I’ve attempted to set up eth0 with several IP addresses via nmtui. It works, but not as I expected. I need to be able to bind 1:1 IP addresses to physical eth0 and eth0:0-1, etc. interfaces. I need help figuring out how to accomplish this via NetworkManager key files. The primary driving factor is binding a VM to an eth0:0 interface. Any pointers or assistance would be greatly appreciated.

Thanks!

Do you really?

The IP aliases (that did have “separate interfaces”, like eth0:0) are an old technique. The current way is to have multiple addresses on one interface. On IPv6 that is practically compulsory.
The ipv4.addresses NM setting is a list.

That is how you assume to achieve something. What do you actually want to achieve?

Is it something like:

  • There is LAN 10.0.0.0/24
  • Host must get 10.0.0.1 in the LAN
  • VM must get 10.0.0.2 in the LAN

Thanks for your response.

What I would like to achieve is this

the host which has (5) IP addresses allocates them as follows:
1 IP address dedicated to the host
3 IP addresses dedicated to 3 separate VMs, with a 1:1 ratio of private class C address to live IP
1 IP is dedicated to docker with a 1:1 ratio of private class C address to live IP addresses

For troubleshooting, each VM would allows passthrough outbound and inbound traffic initially prior to writing any friewall rules.
Thank you for your assistance

Ok, lets call the 10.0.0.1–10.0.0.5 “live IP” that are in subnet 10.0.0.0/X.
You apparently want a second subnet, where first VM has 192.168.0.2,
and routing that from outside to 10.0.0.2 to forward to 192.168.0.2.
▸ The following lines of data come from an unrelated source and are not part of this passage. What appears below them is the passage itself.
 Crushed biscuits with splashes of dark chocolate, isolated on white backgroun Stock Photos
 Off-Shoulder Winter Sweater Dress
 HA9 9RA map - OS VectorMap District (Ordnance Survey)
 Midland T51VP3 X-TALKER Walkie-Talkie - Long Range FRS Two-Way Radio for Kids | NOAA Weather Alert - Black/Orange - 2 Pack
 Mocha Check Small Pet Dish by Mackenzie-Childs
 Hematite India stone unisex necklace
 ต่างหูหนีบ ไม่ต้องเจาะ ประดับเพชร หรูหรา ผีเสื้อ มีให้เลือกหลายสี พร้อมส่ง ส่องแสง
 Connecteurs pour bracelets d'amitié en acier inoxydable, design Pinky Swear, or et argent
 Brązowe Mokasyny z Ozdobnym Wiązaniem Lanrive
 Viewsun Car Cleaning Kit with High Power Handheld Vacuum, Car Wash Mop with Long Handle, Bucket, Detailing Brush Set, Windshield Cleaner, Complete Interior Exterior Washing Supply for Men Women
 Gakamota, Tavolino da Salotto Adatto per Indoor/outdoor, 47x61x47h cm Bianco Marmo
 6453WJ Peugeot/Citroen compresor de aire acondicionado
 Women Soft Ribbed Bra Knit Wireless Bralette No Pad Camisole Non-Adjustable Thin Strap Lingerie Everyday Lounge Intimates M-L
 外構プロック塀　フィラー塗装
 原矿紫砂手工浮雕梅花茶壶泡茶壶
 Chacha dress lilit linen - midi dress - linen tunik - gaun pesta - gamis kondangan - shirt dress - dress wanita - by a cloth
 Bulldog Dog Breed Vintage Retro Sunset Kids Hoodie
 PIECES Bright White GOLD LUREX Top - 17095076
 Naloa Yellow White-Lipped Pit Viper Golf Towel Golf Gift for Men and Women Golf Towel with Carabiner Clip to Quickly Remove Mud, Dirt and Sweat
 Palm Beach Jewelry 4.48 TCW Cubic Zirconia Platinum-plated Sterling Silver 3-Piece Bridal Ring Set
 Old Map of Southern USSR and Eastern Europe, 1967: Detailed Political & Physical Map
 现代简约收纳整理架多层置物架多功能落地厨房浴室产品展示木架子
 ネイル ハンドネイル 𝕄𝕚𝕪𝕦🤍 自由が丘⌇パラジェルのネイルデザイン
Why don’t you simply connect the VM to external subnet with address 10.0.0.2?

The host has interface “eth0”. It could have a bridge interface “br0” and demote the eth0 to be a port of br0.
The live IP of host (10.0.0.1) would be on br0 and the eth0 would have no address at all.

Then attach the VM to br0. Set the 10.0.0.2 on the interface of the VM.
The bridge (br0) acts line unmanaged network switch that extends the external subnet to the VM.

No “1:1” shenanigans to tackle with.


On firewall:
The default on host is to not filter bridged traffic; the host does not act as firewall between outside and the VM.
You obviously (can) have firewall in the VM.
It is possible to enable filtering fo bridged traffic, so the host could be a firewall too.